Temporary hostel or refuge housing does not constitute suitable accommodation for determining whether a person is homeless, if the homeless person is expected to occupy it for a longer period than is reasonable. This decision was taken recently by the House of Lords, which had to rule on whether six families who occupied overcrowded short-term accommodation and a woman who was provided with long-term accommodation in a women’s refuge were still homeless for the purposes of being allocated social housing.
The appeal dealt with the housing policies of Birmingham and Manchester Councils. In the case of the Birmingham families, it was accepted that they were unintentionally homeless and a priority housing need. However, the Council had left them in unsuitable accommodation for months or years. The key issue was that the accommodation provided was accommodation which it would not be reasonable for them to continue to occupy. Therefore, the families remained homeless for the purpose of assessing their housing need.

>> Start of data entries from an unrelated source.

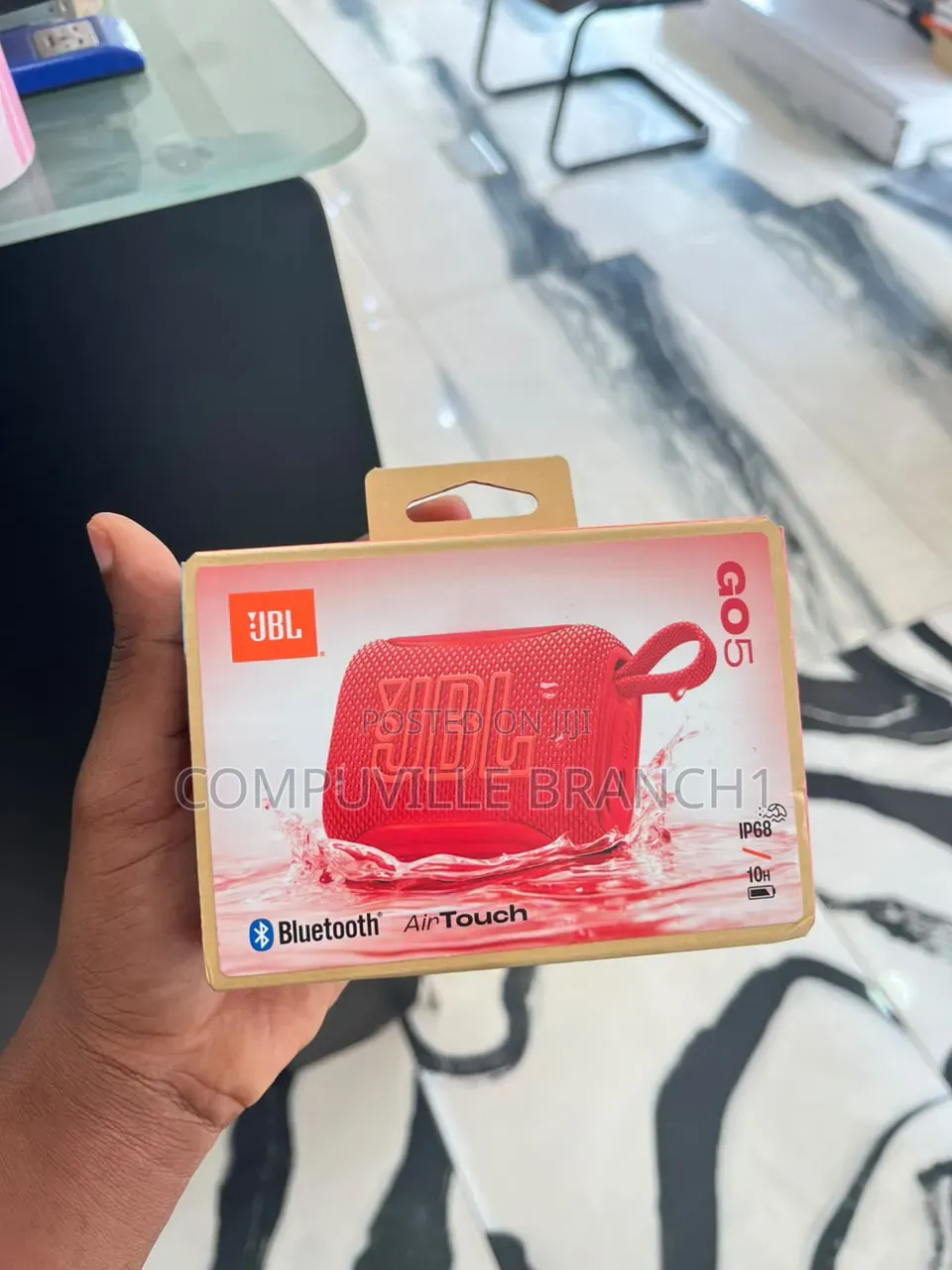 JBL Go 5 Air Touch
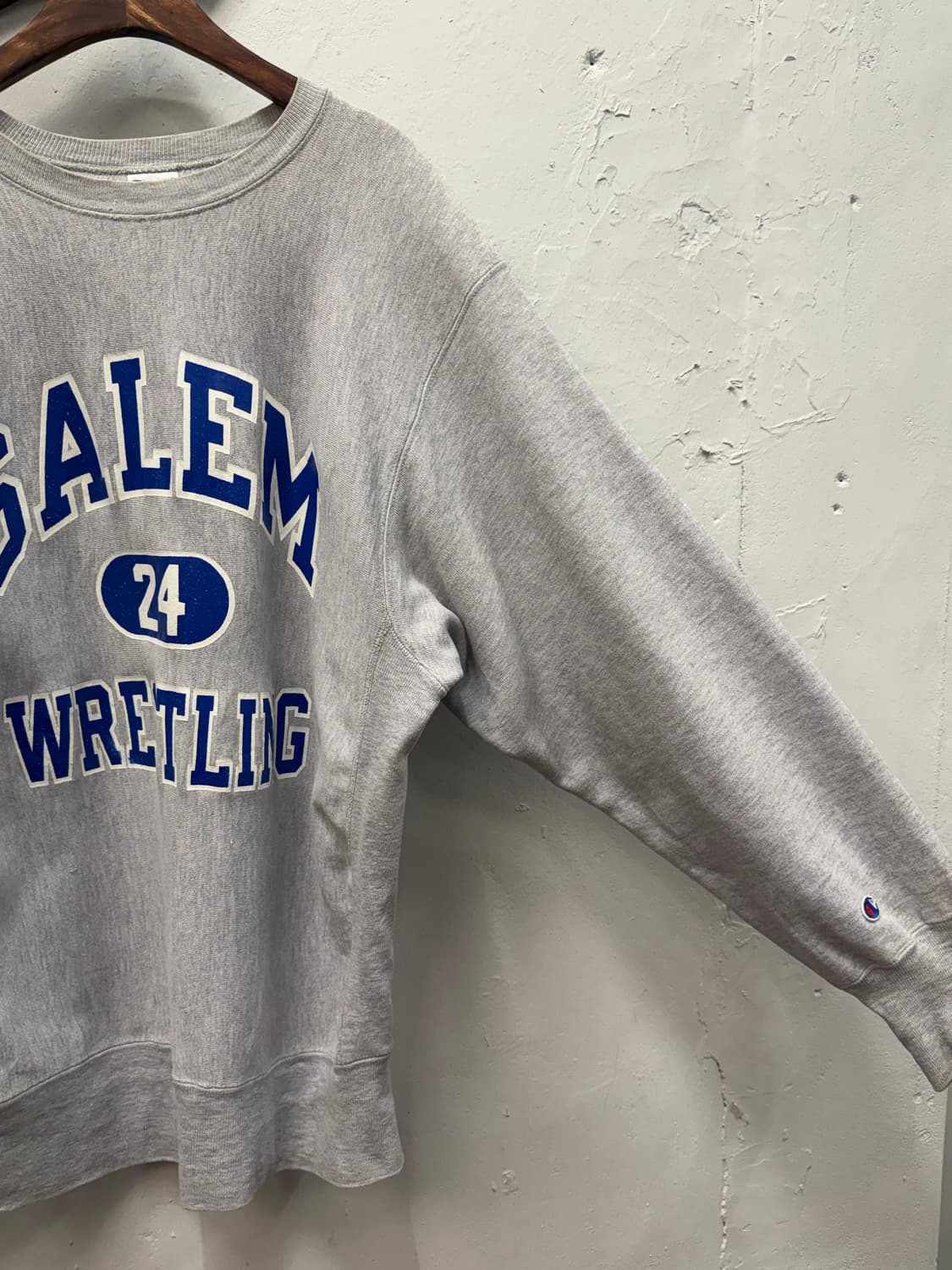 90s USA Champion Reverse Weave Sweatshir 상품이미지5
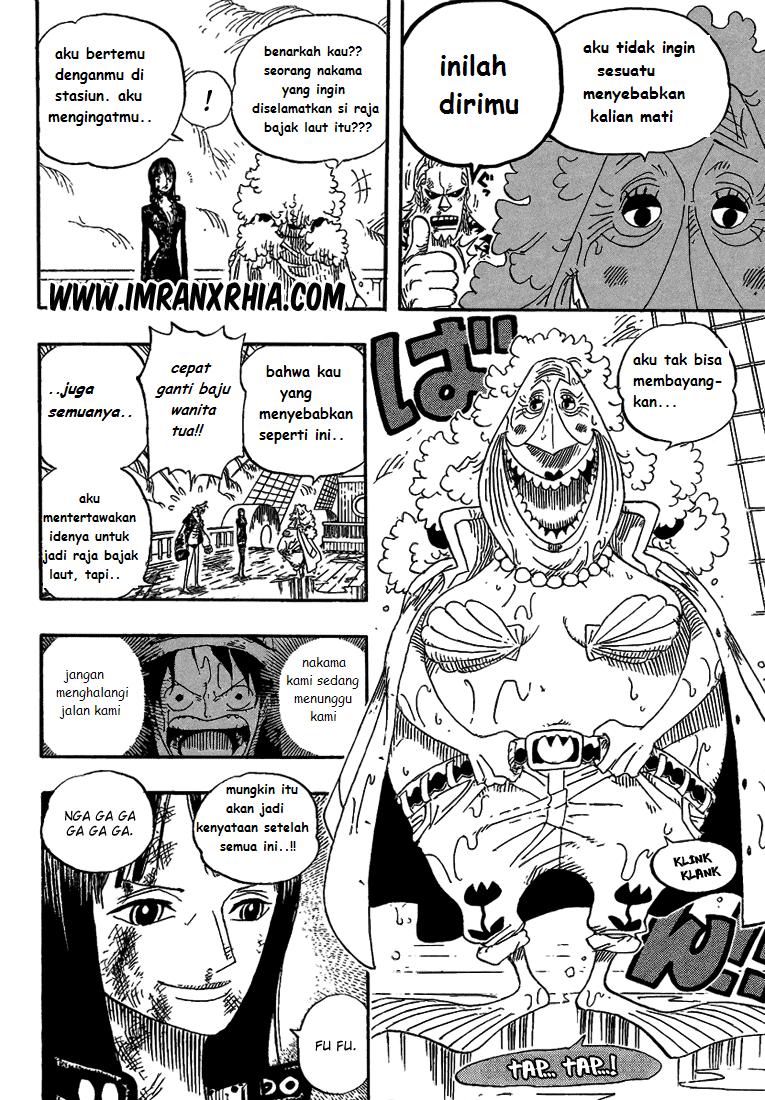 one-piece-id - Chapter: 424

In the Manchester case, a woman and her two children were given accommodation in a women’s refuge, from which she was evicted because of her behaviour towards the staff. She was rehoused in temporary accommodation. The Council ruled that she had become intentionally homeless.
In both cases, the nub of the Councils’ arguments was that their duty to provide housing was discharged if they left the families in the housing provided until suitable permanent housing could be found.
In the view of the House of Lords, there would inevitably come a time when it was no longer reasonable for the families to remain in the temporary accommodation. What constituted a ‘reasonable time’ for a family to occupy temporary accommodation was a matter of fact in each case.